There is limited information on the benefits and challenges of permaculture [8]. However, it has been argued that the application of permaculture is likely to succeed in countries of the Global South [14,15,16]. This has been attributed to the extensive use of traditional agricultural practices and labour-intensive practices in many countries in Southern Africa [14]. Permaculture also has the potential to galvanize action towards the achievement of multiple sustainable development goals (SDGs) [17]. Some of these include zero hunger, good health and well-being, and life on land. The uptake of permaculture by smallholder farmers in Southern Africa is, however, slow [18]. Therefore, more research is required to assess the benefits and constraints associated with the practice.

This study attempted to answer the following two questions. First, what is the effect of permaculture on rural livelihoods in Southern Africa? Second, what are the enablers and barriers to the adoption of permaculture in Southern Africa? Semi-structured interviews were used to collect data. We used both quantitative and qualitative methods to analyze the data.

2. Study Area

This study was conducted in rural parts of South Africa and Zimbabwe. The study areas were Middledrift and Ngqeleni, towns in South Africa, and the Chimanimani district in Zimbabwe. The study areas were chosen as they represent the major agro-ecological regions of both countries.

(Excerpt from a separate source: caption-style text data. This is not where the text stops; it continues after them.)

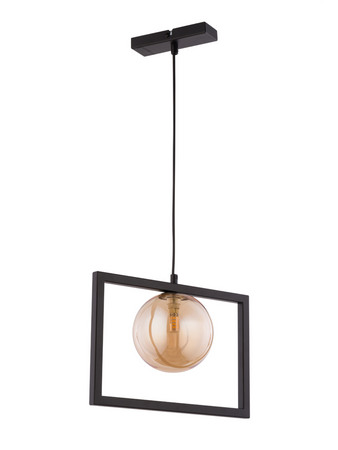 Lampa wisząca szklana bursztynowa Sigma Lighting COSMIC 1 32130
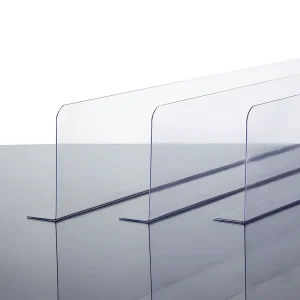 Commodity L Shaped Side Divider Store Goods Separator Non Magnetic Plastic PVC Clear Shelf Dividers for Closets Small Storage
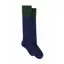 Fairfax and Favor Ladies Signature Knee High Socks - Navy/Green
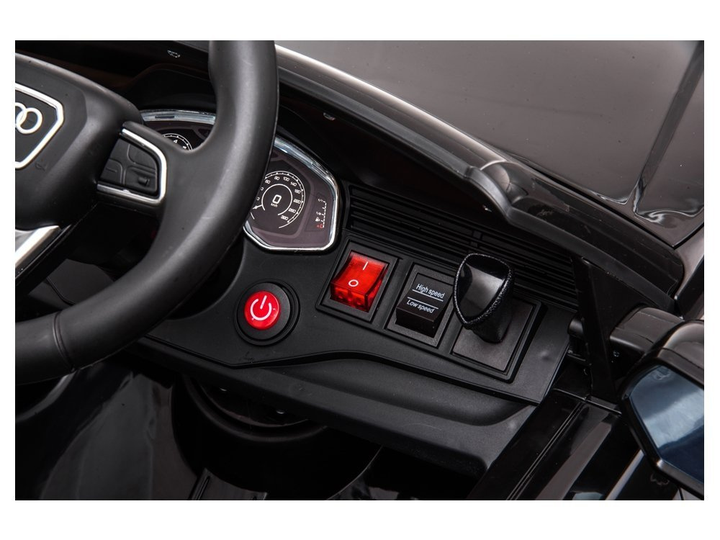 Samochód elektryczny dla dzieci Lean Toys Audi RS Q8 Czarny (5903802454949) - obraz 17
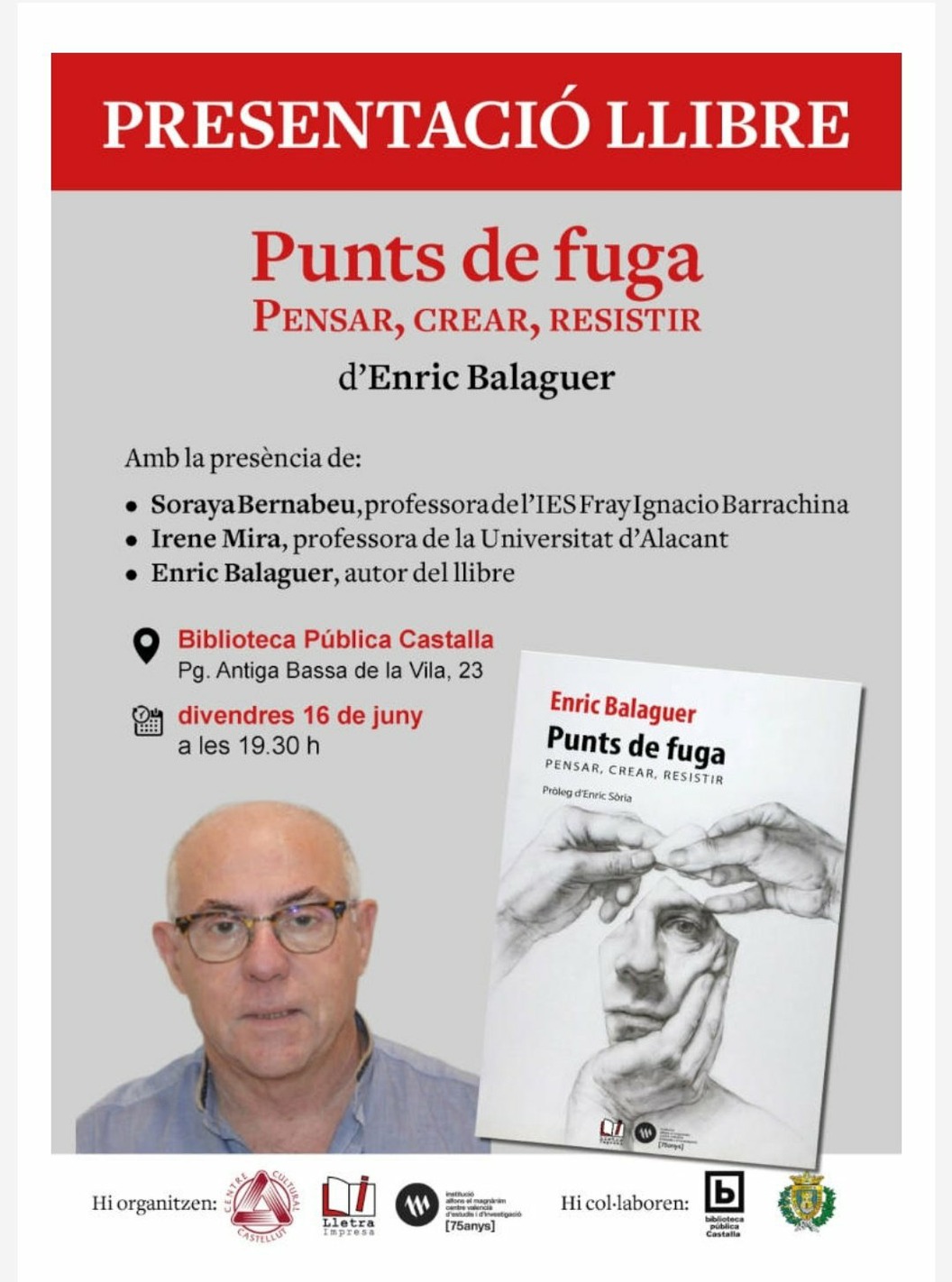Presentación: Punts de fuga. Pensar, crear, resistir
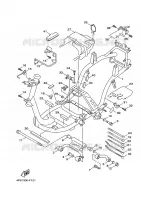 CADRE pour Yamaha CYGNUS 2010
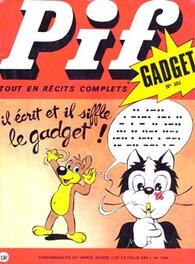 Pif gadget 102 PIONNIERS l'éponge de l'espace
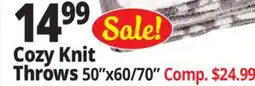 Ocean State Job Lot Cozy Knit Throws 50x60/70 offer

Middledrift is a small town located 90 km north-west of East London and is situated in the Raymond Mhlaba Municipality in the Amathole District, Eastern Cape (EC), with a population of 20,600 individuals. The region has a mild and temperate climate and receives 412 mm of rainfall per year [19]. It hosts a range of vegetation types including thornveld, semi-arid Karoo, thicket areas and succulent plants. Communal farming is a dominant practice where vegetables, maize, and livestock are the main agricultural commodities [20]. Each household has access to 0.08 ha of cropland, comprising of large crop fields as well as small vegetable plots. Key contributors to employment in the district include trade (25.5%) and agriculture (15.1%) [20].

Ngqeleni village is 40 km north-west of Coffee Bay and is situated in the OR Tambo District, EC, with a population of 2600 individuals. The region has a warm temperate climate and receives 652 mm of rainfall per year [21]. The region hosts a diversity of vegetation from bushveld to thicket forests. Agriculture forms the basis of primary activities and is mainly subsistence. Vegetables, maize, and livestock are the main agricultural commodities produced in the region [22]. Key contributors to employment in the district include community services (34%), trade (24%), and agriculture (4%).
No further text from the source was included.